◆ Problem statement:
Reproduce exactly, with no pictures, each line from the opening of the material down through the line containing "Schwarze Slim-Fit-Jeans aus Stretch-Denim".

◆ Extracted entries:
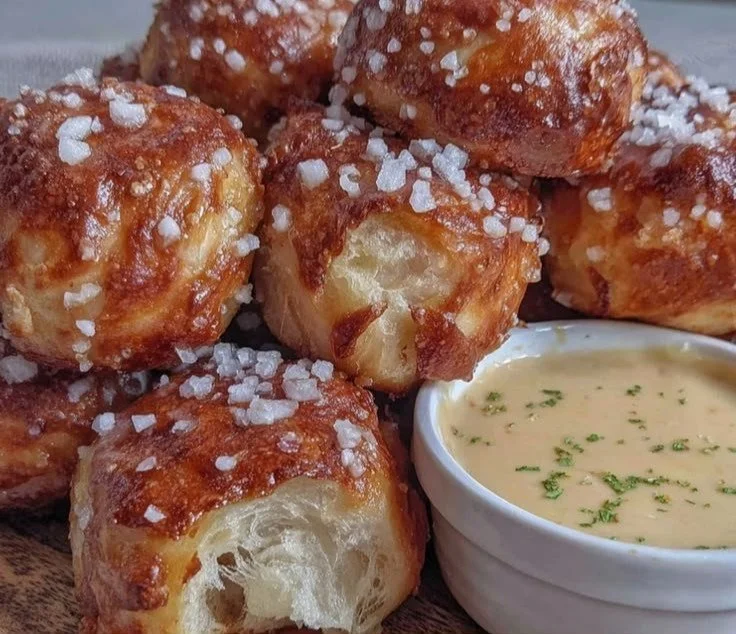 Delicious homemade soft pretzel bites served with creamy beer cheese sauce
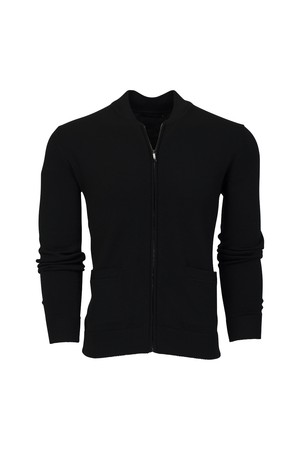 [남성] 사가포낵 메리노 울 스웨터 집업 가디건 - 블랙(001)_BLACK-a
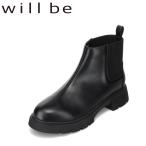 ウィルビー 厚底サイドゴアブーツ WB-189 レディース ブーツ ショート サイド ゴア ゴム 厚底 歩きやすい 伸縮性 シンプル ブラック 爆買 SALE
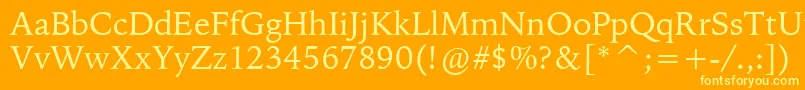 BitstreamIowanOldStyleBt-fontti – keltaiset fontit oranssilla taustalla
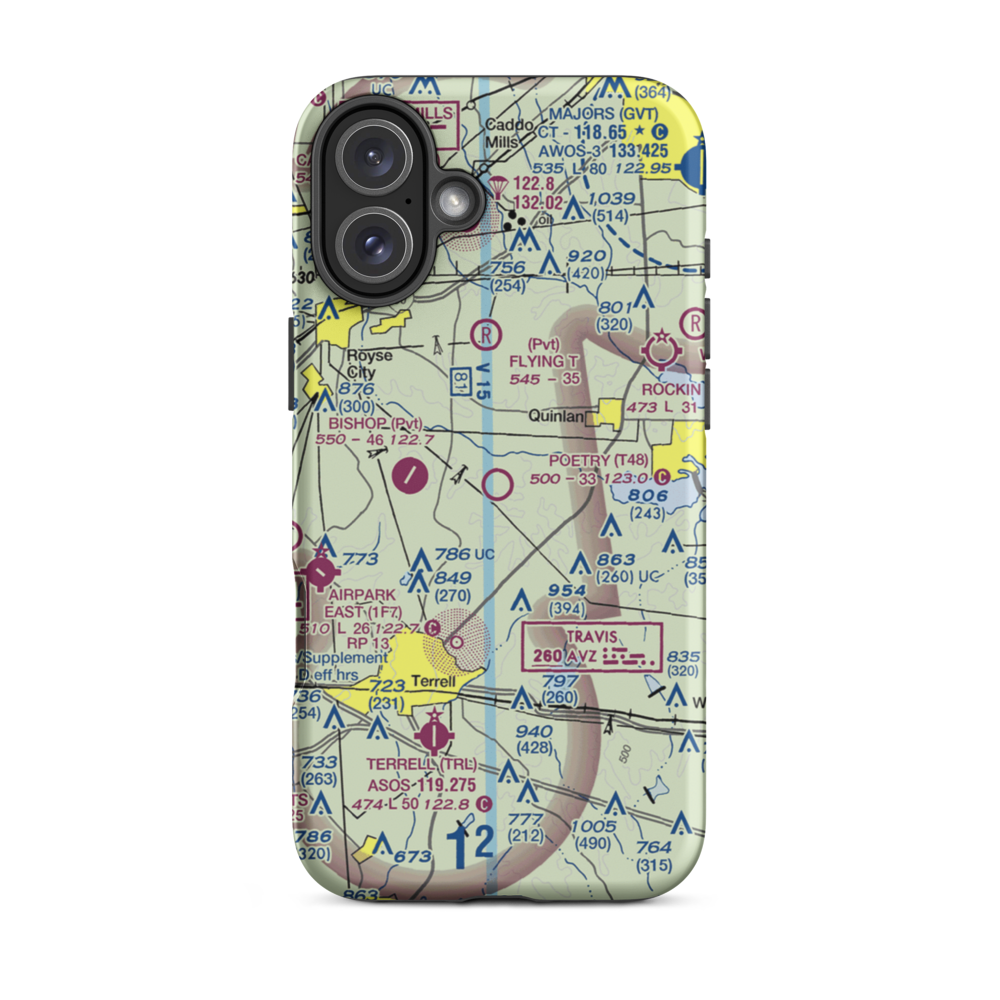 Poetry Flying Ranch Airport (T48) VFR Sectional  Tough iPhone Case iPhone 16 Plus model shown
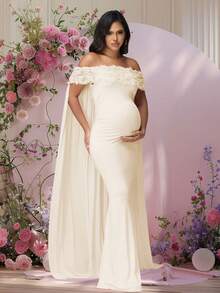 JustVH 孕妇花卉露肩连衣裙，适合迎婴派对，网眼斗篷长款女装拍摄道具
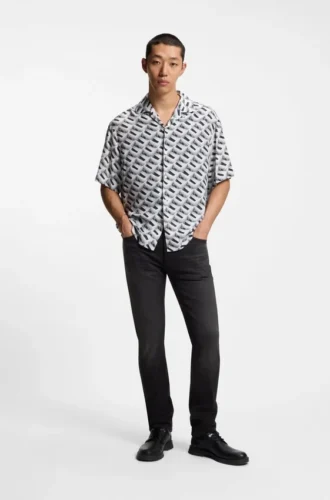Schwarze Slim-Fit-Jeans aus Stretch-Denim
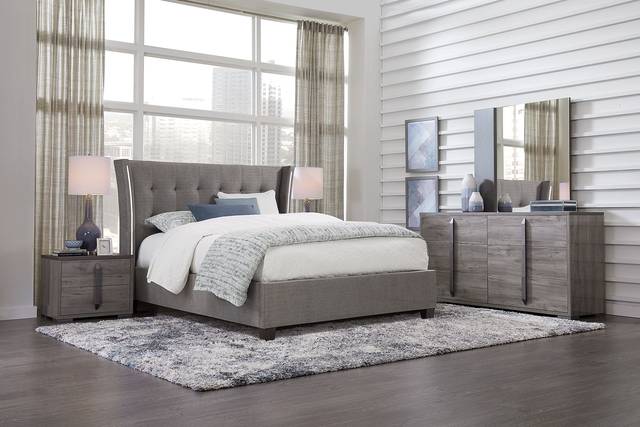 Park Slope Gray 7 Pc Queen Upholstered Bedroom - Thumbnail - Image 1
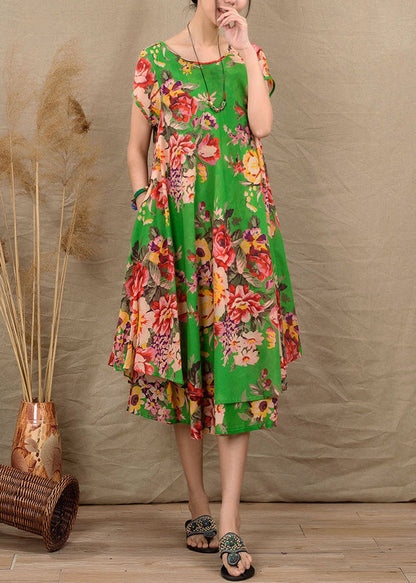 Classy Green O Neck Print Patchwork Cotton Ankle Dress Summer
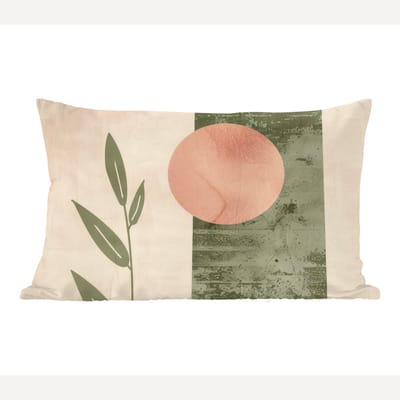 Sierkussens - Kussentjes Woonkamer - 60x40 cm - Geometrisch - Roze - Groen - Natuur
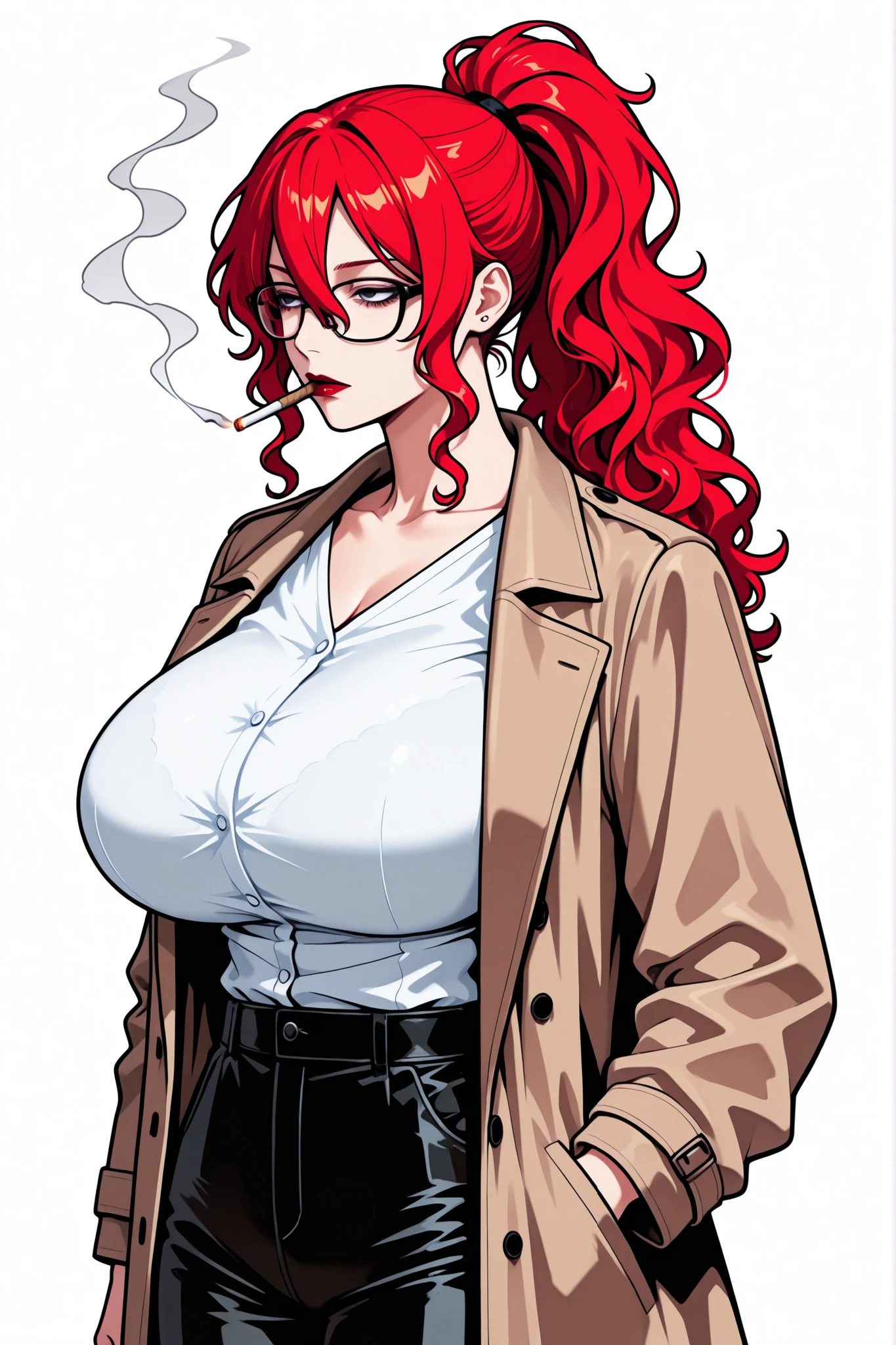 score_9, score_8_up, score_7_up, score_6_up, score_5_up, score_4_up, rating_explicit,
BREAK
makima \(chainsaw man\), red hair, yellow eyes, braid,
BREAK
sitting, crossed legs, huge breasts, cleavage, unbuttoned shirt, wide hips, thick thighs, pubic hair, black lace bra, black pants,
BREAK
black background, sketch, godivaghoul, <lora:Lunas-GodivaGhoul-SDXL-B2:1>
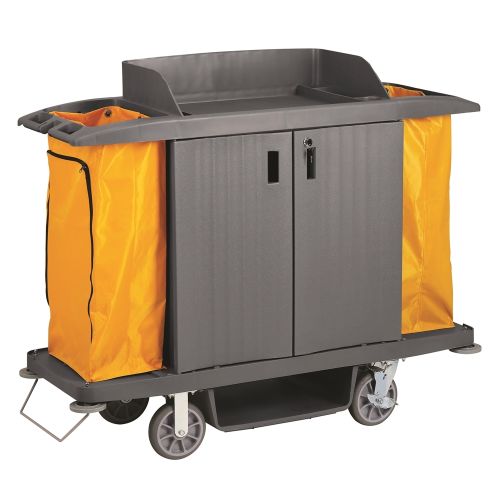 Large Plastic Housekeeping Cart with Doors, Gray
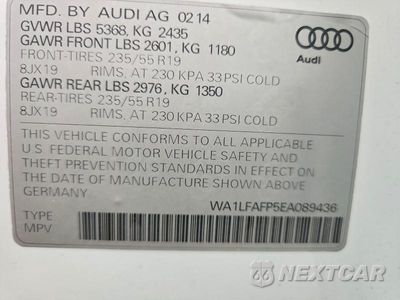 Zdjęcie 13 z 13 samochodu: 2014 AUDI Q5 PREMIUM PLUS VIN:WA1LFAFP5EA089436 - miniatura
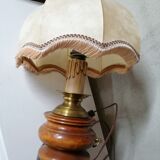Ancient wooden and brass lamp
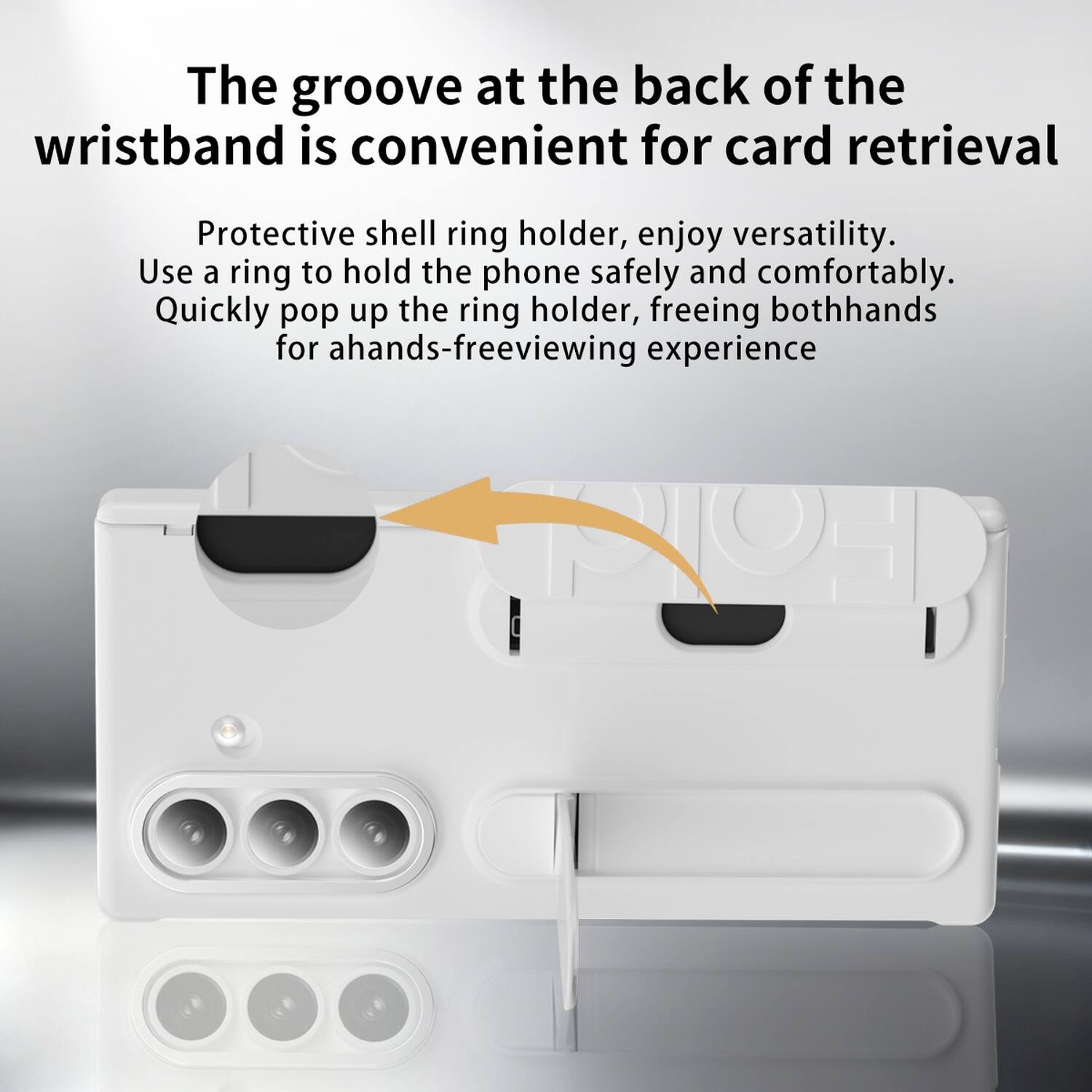 The groove at the back of the wristband is convenient for card retrieval. Protective shell ring holder, enjoy versatility. Use a ring to hold the phone safely and comfortably. Quickly pop up the ring holder, freeing both hands for a hands-free viewing experience.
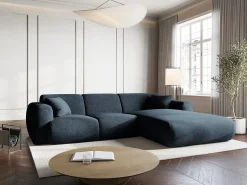 Sofá*Cosmopolitan Design - Sofá de canto direito "Nolio" 4 lugares em tecido chenille azul real - 260x170x72cm Azul escuro
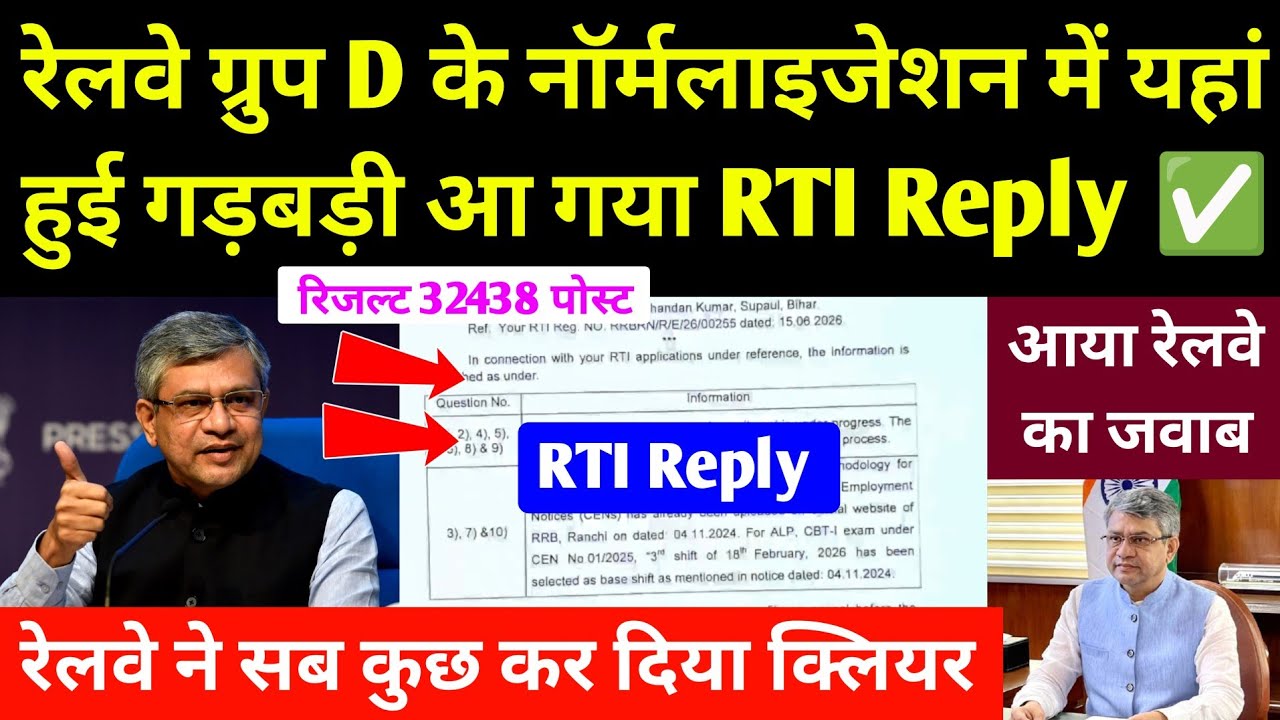 रेलवे ग्रुप D रिजल्ट के Normlaiztion पर आया RTI Reply 🔴 Railway Group D Revised Result Big Update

◆ Answer section:
 Delicious homemade soft pretzel bites served with creamy beer cheese sauce
 [남성] 사가포낵 메리노 울 스웨터 집업 가디건 - 블랙(001)_BLACK-a
 ウィルビー 厚底サイドゴアブーツ WB-189 レディース ブーツ ショート サイド ゴア ゴム 厚底 歩きやすい 伸縮性 シンプル ブラック 爆買 SALE
 BitstreamIowanOldStyleBt-fontti – keltaiset fontit oranssilla taustalla
 Poetry Flying Ranch Airport (T48) VFR Sectional  Tough iPhone Case iPhone 16 Plus model shown
 JustVH 孕妇花卉露肩连衣裙，适合迎婴派对，网眼斗篷长款女装拍摄道具
Schwarze Slim-Fit-Jeans aus Stretch-Denim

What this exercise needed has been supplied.